The Fiscal Incentives Review Board, chaired by Finance Secretary Carlos Dominguez III, approved on the recommendation of the Board of Investments the grant of tax incentives to a proposed P10-billion cement manufacturing project of San Miguel Corp. in Davao del Sur province.
“Its application for tax incentives was approved by the FIRB last Dec. 15, 2021 during the 10th FIRB board meeting,” Dominguez said in a statement Monday, referring to the Mindanao-based Oro Cemento Industries Corp., a unit of San Miguel.
The project is estimated to produce around 50.4 million cement bags per year to help meet the growing infrastructure requirements in Mindanao.

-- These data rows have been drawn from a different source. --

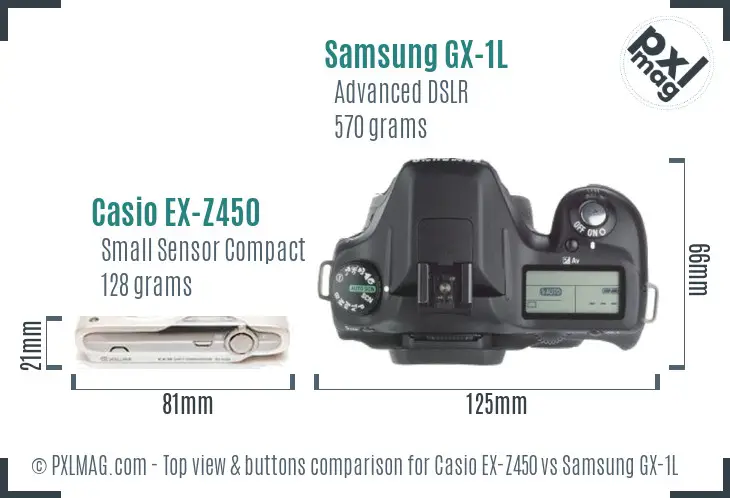 Casio EX-Z450 vs Samsung GX-1L top view buttons comparison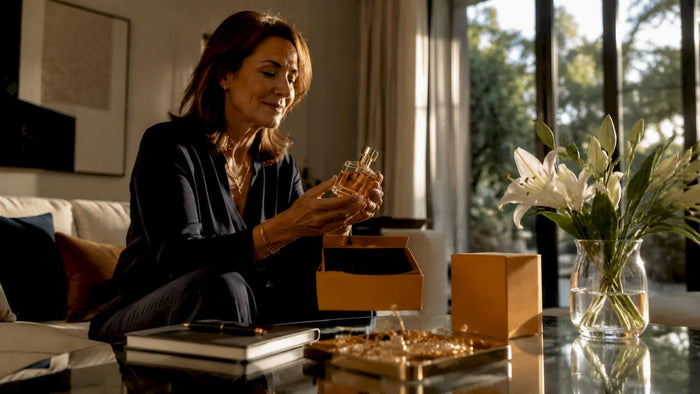 Woman unboxing authentic perfume bottle at vanity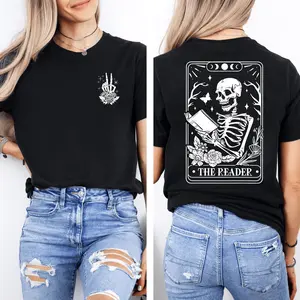 The Reader Tarot Card Front And Back Printing Shirt, Skeleton Reading T-shirt, Book Lover Gift For Women, Book Lover Tee, Tarot Card Shirt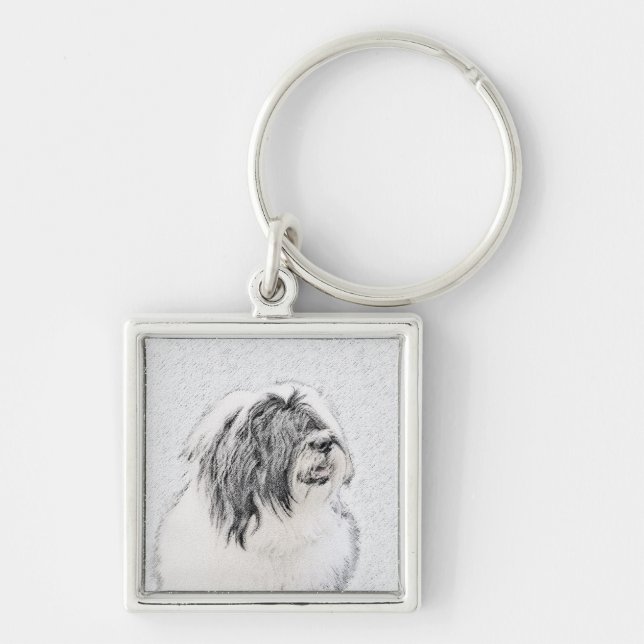 Bearded Collie Zeichnend - Niedliche Original Hund Schlüsselanhänger (Vorne)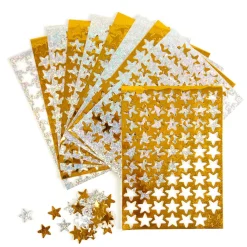 Clearance Holographic Card Stars Gold & Silver Small 500pk Festivals & Celebrations|Collage & Craft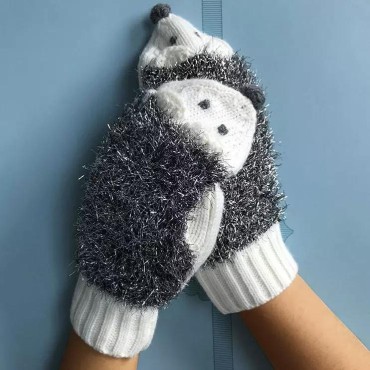 Hedgehog Crochet Knitted Mittens Gloves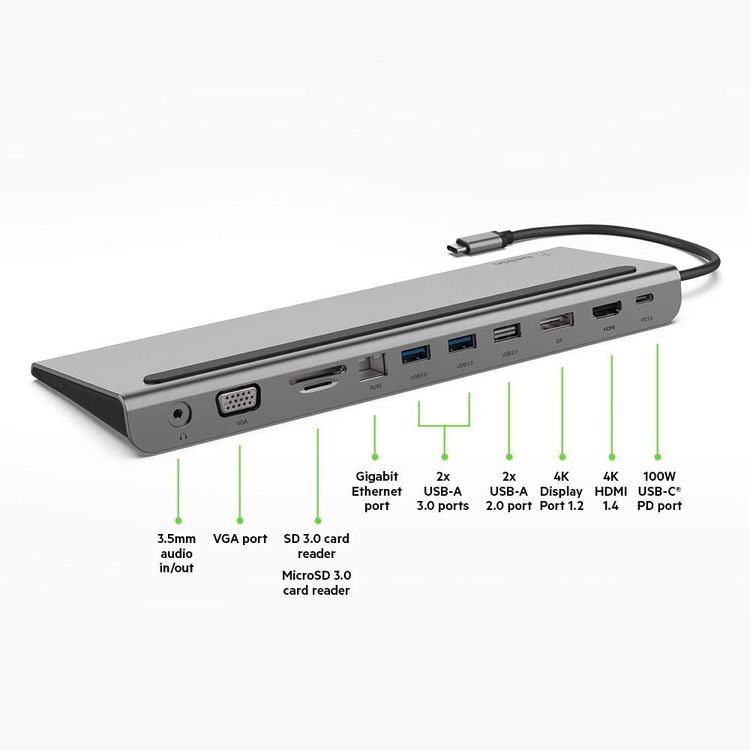 USB-C Multiport Belkin INC004btSGY USB-C Multiport Docking Station-Grey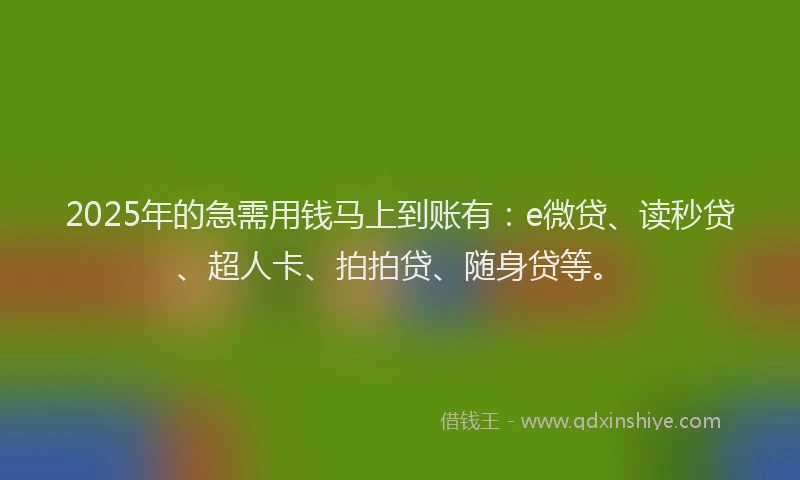2025年的急需用钱马上到账有：e微贷、读秒贷、超人卡、拍拍贷、随身贷等。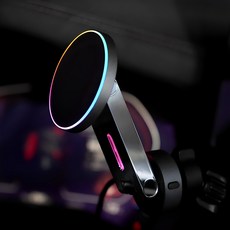 카슈아 맥세이프 차량용 핸드폰 거치대 LED 고속 무선 충전, 블랙, CO-HD02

Voting unanimously, the FIRB board approved the grant of a two-year income tax holiday, followed by five years of enhanced deductions and duty exemption on importations of capital equipment, raw materials, spare parts, or accessories for the project, which is set to start commercial operations in July this year in Sta. Cruz, Davao del Sur.
Trade Secretary and FIRB co-chair Ramon Lopez said that approving the grant of incentives will “help achieve the country’s goal of reducing dependence on cement imports and stabilizing the price and supply of the product, on top of the economic benefits of more jobs and business activity generated by the project.”
The FIRB said that in deciding on the application, it considered the costs and benefits of granting incentives to the project.
Finance Assistant Secretary and FIRB Secretariat head Juvy Danofrata said the projected direct and indirect benefits from the project would outweighs its projected costs, which include the foregone revenues from the tax incentives.
The project is expected to stimulate forward linkages, promote the use of energy-efficient equipment that can lead to a transfer of knowledge and improvement in productivity, especially in the underdeveloped area where the project is located.
The FIRB is an interagency government body created by Republic Act No. 11534 to grant tax incentives to registered business enterprises. It also grants tax subsidies to government-owned and -controlled corporations.
The law harmonizes the tax incentives given by different investment promotion agencies and reduced the corporate income tax rate of micro, small and medium enterprises from 30 percent to 20 percent and the rate on large corporations from 30 to 25 percent.
It also provides generous and flexible tax incentive system that is performance-based, time-bound, targeted and transparent.